Birbirine bitişik iki binanın arasındaki ufak bir tünel gibi görünen boşluktan geçip bu kez daha küçük bir meydana çıktık. Meydanın sağ tarafında otel ve mesken olarak kullanılan taş binalar yer alırken, sol tarafında önündeki kaldırıma masalar atılmış çok miktarda küçük kafe yer alıyordu. Hıncahınç dolu bu kafelerde tüketilen içki ise tahmin edeceğiniz gibi yüzlerce çeşidi olan Belçika birasıydı. Rehberimizin kafe müşterileri ile yaptığı küçük bir röportaj sonucunda bu çok çeşitli biraların farklı bardaklarda servis edildiğini öğrendik.

Biraz daha aşağı inince bu kez önümüze girişte gördüğümüz nehir çıktı. Yemyeşil durgun bir su gibi görünen nehrin üzerinde yüzen bol miktarda kuğu dikkatimizi çekti.
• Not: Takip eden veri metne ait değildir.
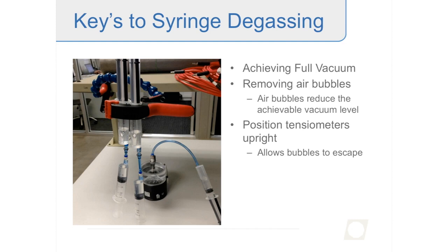I set the tensiometers up in a clip in the lab to hold them upright with the ceramic pointing down. I'll leave them set up overnight to allow the degassing process to happen and get the water as well degassed as possible. It also helps to degass the water previously, whether using a vacuum system or by boiling it — though you want to let it cool down first.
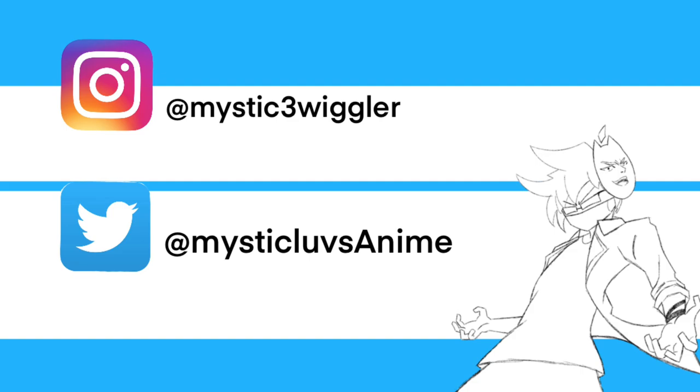So yeah, that's all. I have nothing else to say other than... FBI, please don't hurt me after this. FBI, open up!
Dörtyüz, beşyüz yıllık geçmişlerine rağmen hala dimdik ayakta duran taş binaların arasında dolaşırken Belçika dondurmasının da tadına bakmayı ihmal etmedik. Motorlu araçların yanında bisiklet kullanımının yaygınlığı da dikkatimi çekti.

Daha sonra şehirden ayrılıp, otelimizin bulunduğu yeşillikler içindeki banliyöye ulaştık. Otelimize yerleşip, bir şeyler yedikten sonra küçük grubumuzla birlikte bulunduğumuz bölgeyi gezmek istedik. Henüz hava yeni kararmaya başlamasına rağmen sokaklar bomboştu. Lüks villaların yer aldığı sokaklarda çıt çıkmıyordu. Tek tük araç geçiyordu. Bölgenin tek marketi olduğu söylenen küçük dükkan gibi yer kapalıydı. Evlerin genellikle alt katlarındaki bir odadan zayıf bir ışık sızıyordu. İstanbul’da yaşayan biri olarak sessizlik ilk anda hoşuma gitse de, böyle bir yerde yaşamak istemeyeceğime karar verdim. Temiz geniş caddeleri , bakımlı bahçeler içindeki lüks evleri ile güzel ama ruhsuz bir yer izlenimi uyandırdı bende.